What this task involves: In the listing, locate the line containing "Painting school lesson, drawing", then quote it and all following lines exactly. Omit pictures.

Data block:
----------------------------------------

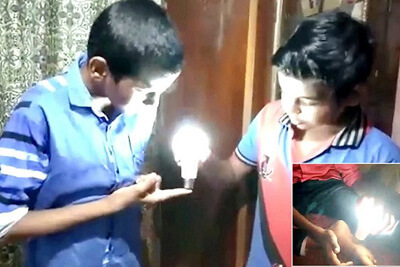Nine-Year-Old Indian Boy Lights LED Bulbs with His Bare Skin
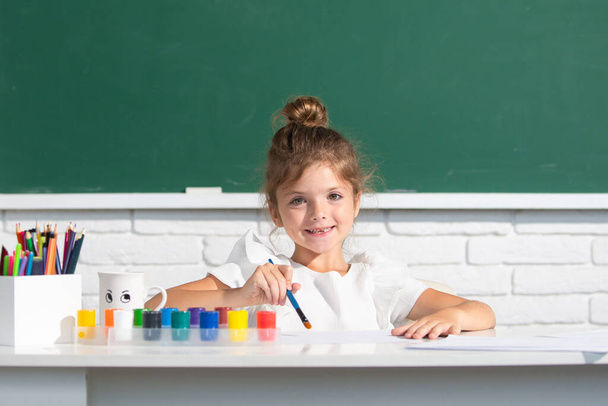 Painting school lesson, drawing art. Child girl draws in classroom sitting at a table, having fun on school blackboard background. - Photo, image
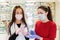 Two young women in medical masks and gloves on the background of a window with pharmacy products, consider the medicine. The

----------------------------------------

Result for this task:
 Painting school lesson, drawing art. Child girl draws in classroom sitting at a table, having fun on school blackboard background. - Photo, image
 Two young women in medical masks and gloves on the background of a window with pharmacy products, consider the medicine. The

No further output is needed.